I followed Saied Kazemi's instructions on docker suspend and resume using criu and used https://github.com/boucher/docker/tree/cr-defunct (based on feedback from Ross Boucher) to buid 1.10.0-dev from source to get checkpoint/restore functionality.
I am now trying to work with docker-proxy (github.com/edmodo/docker-proxy) which in-turn relies on go-dockerclient (github.com/fsouza/go-dockerclient) to get indications on containers being created, etc.
My question is more specific to the underlying triggers that the docker daemon is sending to the go-dockerclient. When containers get created, started or stopped, the appropriate indicators are being received.
However, when I use restore, I am not seeing what I had hoped to see. Perhaps I don't fully comprehend how restore works. I ran the docker daemon in debug mode to see what was happening
I first checkpoint a running container a1
as
docker checkpoint --image-dir=/tmp/ABC --leave_running a1
The corresponding debug at the daemon was
DEBU[0036] Calling POST /v1.22/containers/a1/checkpoint
DEBU[0036] POST /v1.22/containers/a1/checkpoint
DEBU[0036] form data {"ImagesDirectory":"/tmp/ABC","LeaveRunning":true,"WorkDirectory":""}
DEBU[0036] Using CRIU 20000 at: criu
DEBU[0036] Using CRIU with following args: [swrk 3]

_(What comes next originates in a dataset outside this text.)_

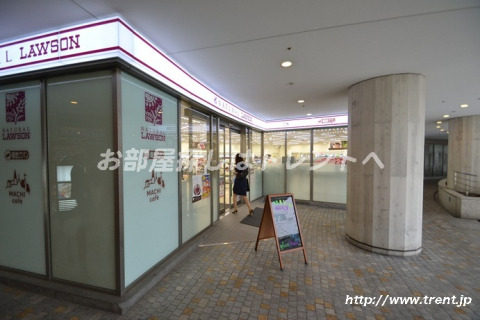 コンビニ　ナチュラルローソン 東京オペラシティ（コンビニ）まで350m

DEBU[0036] Using CRIU in DUMP mode
DEBU[0036] CRIU option ImagesDirFd with value 22
<snip> .... I can paste this as well if needed
DEBU[0036] CRIU option EmptyNs with value 1073741824
Then, I create a new container a2
as
docker create --name=a2 alpine-sshd
The corresponding debug log for the create at the daemon was:
DEBU[0051] Calling POST /v1.22/containers/create
DEBU[0051] POST /v1.22/containers/create?name=a2
DEBU[0051] form data:{"AttachStderr":true,"AttachStdin":false,"AttachStdout":true,"Cmd":null,"Domainname":"","Entrypoint":null,"Env":[],"HostConfig":{"Binds":null,"BlkioDeviceReadBps":null,"BlkioDeviceReadIOps":null,"BlkioDeviceWriteBps":null,"BlkioDeviceWriteIOps":null,"BlkioWeight":0,"BlkioWeightDevice":null,"CapAdd":null,"CapDrop":null,"CgroupParent":"","ConsoleSize":[0,0],"ContainerIDFile":"","CpuPeriod":0,"CpuQuota":0,"CpuShares":0,"CpusetCpus":"","CpusetMems":"","Devices":[],"Dns":[],"DnsOptions":[],"DnsSearch":[],"ExtraHosts":null,"GroupAdd":null,"IpcMode":"","Isolation":"","KernelMemory":0,"Links":null,"LogConfig":{"Config":{},"Type":""},"Memory":0,"MemoryReservation":0,"MemorySwap":0,"MemorySwappiness":-1,"NetworkMode":"default","OomKillDisable":false,"OomScoreAdj":0,"PidMode":"","PortBindings":{},"Privileged":false,"PublishAllPorts":false,"ReadonlyRootfs":false,"RestartPolicy":{"MaximumRetryCount":0,"Name":"no"},"SecurityOpt":null,"ShmSize":null,"UTSMode":"","Ulimits":null,"VolumeDriver":"","VolumesFrom":null},"Hostname":"","Image":"alpine-sshd","Labels":{},"OnBuild":null,"OpenStdin":false,"StdinOnce":false,"StopSignal":"SIGTERM","Tty":false,"User":"","Volumes":{},"WorkingDir":""}
ERRO[0051] Couldn't run auplink before unmount: exec: "auplink": executable file not found in $PATH
DEBU[0051] container mounted via layerStore: /var/lib/docker/0.0/aufs/mnt/a02ad092a4ae9d0ae40f26a8457fe8379e63a8362444aedb6d41c67d34b2cb83
ERRO[0051] Couldn't run auplink before unmount: exec: "auplink": executable file not found in $PATH
At this point of time, the a2
container is created, but not running. This creation causes an indication to the dockerclient that a container has been created, but not running. docker ps -a
and docker ps
reveal two (a1
and a2
) and one (a1
) containers respectively; as expected.
After that, I restore a2
with the checkpointed image using
docker restore --force=true --image-dir=/tmp/ABC a2
The corresponding debug for restore was:
DEBU[0083] Calling POST /v1.22/containers/a2/restore
DEBU[0083] POST /v1.22/containers/a2/restore?force=1
DEBU[0083] form data {"ImagesDirectory":"/tmp/ABC","LeaveRunning":false,"WorkDirectory":""}
DEBU[0083] container mounted via layerStore: /var/lib/docker/0.0/aufs/mnt/a02ad092a4ae9d0ae40f26a8457fe8379e63a8362444aedb6d41c67d34b2cb83
DEBU[0083] Assigning addresses for endpoint a2's interface on network bridge
DEBU[0083] RequestAddress(LocalDefault/172.17.0.0/16, <nil>, map[])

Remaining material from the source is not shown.